Ein weiterer starker Trend sei die personifizierte Verpackung mit individuell bedrucktem Geschenkpapier. So berichtet Broglie, dass das Warenhaus Globus zwei Jahre lang mit einer Maschine von Chromos zu Weihnachten individuelles Geschenkpapier angeboten hat. Die Kunden kaufen dabei einen Bogen Geschenkpapier, wählen aus verschiedenen Mustern aus und fügen eine persönliche Widmung hinzu wie zum Beispiel «für meinen lieben Schatz Egon». Ebenso ist die Individualisierung von Produktverpackungen möglich, beispielsweise im Bereich der Tiernahrung oder anderer Foodwaren.

Loeb setzt auf ein gesteigertes Kundenerlebnis
Die Berner Warenhausgruppe Loeb muss gegen Onlinehändler bestehen und verfeinert deshalb das Kundenerlebnis mit Innovationen, die teils nur dank der Digitalisierung möglich sind.
«Das Warenhaus muss eine Wohlfühl-Atmosphäre schaffen und die Verweildauer erhöhen», findet Martin Stucki, Chief Digital Officer der Berner Warenhausgruppe Loeb. An der Veranstaltung von Handel Schweiz erläuterte er einige der Neuerungen, die Loeb in jüngerer Zeit umsetzen konnte.

Spass und Erlebnis stehen im Vordergrund
Die Kundinnen und Kunden werden bei Loeb insbesondere durch gezielte persönliche und ganz generell ausgewählte haptische Erlebnisse «überrascht», wie Stucki ausführte. Sie können in den verschiedenen Kundenlounges unterschiedlichsten Aktivitäten nachgehen: fernsehen, Zeitung lesen, nähen, sticken, Retro-PacMan-Games oder mit dem Töggelikasten spielen. Sie können aber auch Essen an den Sitzplatz bestellen und dort auch gleich bezahlen. Ferner gibt es Events mit ausgewählten Koch-Influencern. Diese kommen vor allem bei sehr jungen Leuten gut an, berichtet Stucki.

In Sachen Digitalisierung stehen weniger die technischen Möglichkeiten als der potenzielle Kundennutzen im Vordergrund. Das Einkaufserlebnis wird mit digitalen Tools deshalb ganz gezielt optimiert.

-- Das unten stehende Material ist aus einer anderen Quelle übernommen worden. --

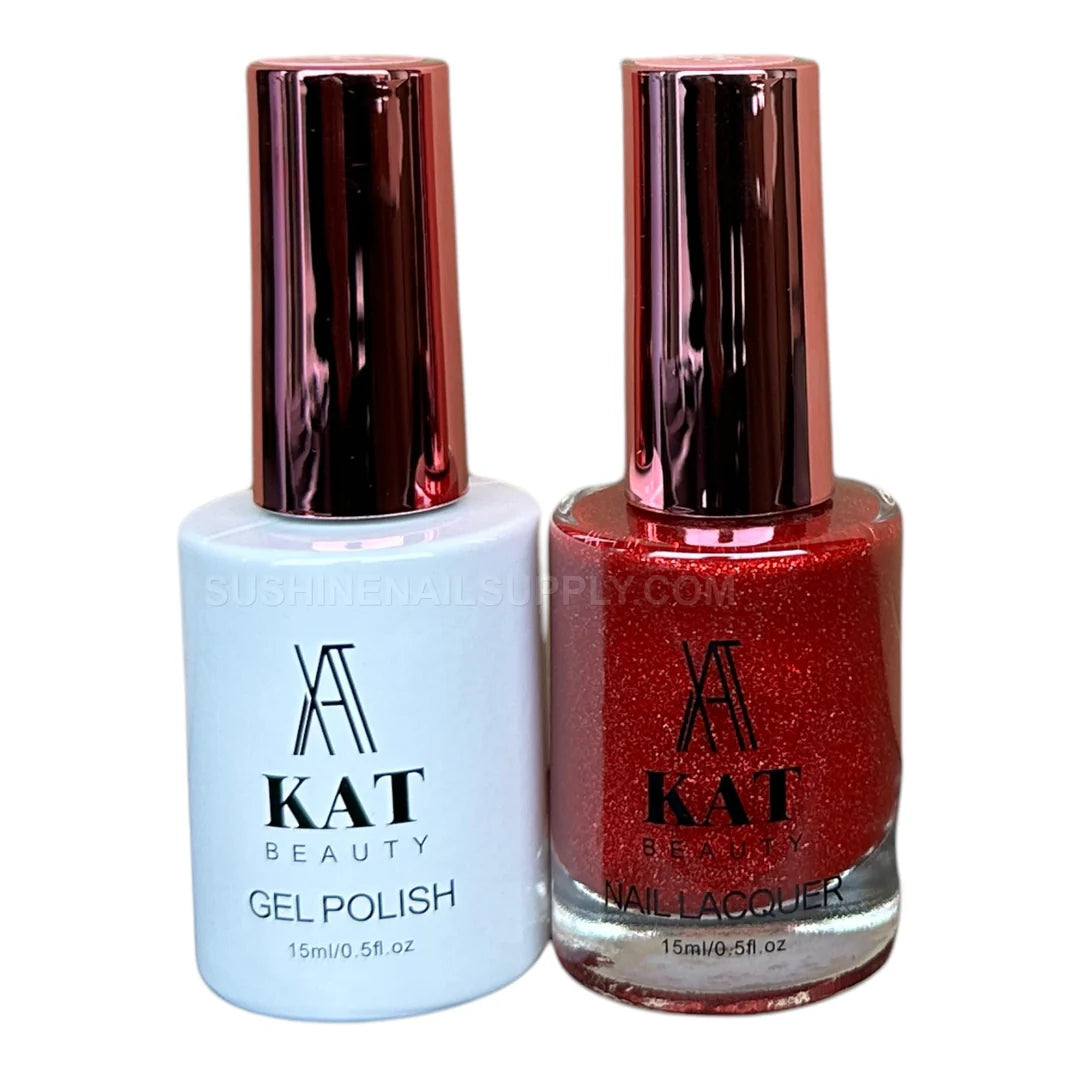 #250 - Esmalte en gel UV/LED Soak Off 3 en 1 de KAT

Über die verlängerte Ladentheke oder eine Touchwall hat die Kundschaft Zugang zu den digitalisierten Katalogen der Lieferanten. In den Umkleidekabinen für Damen-Unterwäsche befindet sich ein kleiner Screen, über den eine Beraterin bestellt werden kann. Diese erhält dann eine entsprechende Push-Nachricht auf ihre Apple Watch. Gern genutzt werden auch die mobilen Tablet-Kassenstationen.

Dank der Digitalisierung kann die Warenhauskette zudem ihr Loyalty-Programm für die rund 80 000 Besitzer und Besitzerinnen einer Loeb-Karte stärker an das persönliche Kaufverhalten anpassen. Bisher erhalten alle mit der Rechnung die gleichen Angebote – unabhängig vom Kaufverhalten oder vom Kunden-Life-Cycle. In Zukunft werden individuell angepasste Informationen verschickt. Auf der Loeb-Website ist der Kundendienst via Chat ansprechbar, man erreicht ihn aber auch über WhatsApp oder Messenger. Dahinter stehen aber keine Chat-Bots, sondern echte Mitarbeitende von Loeb.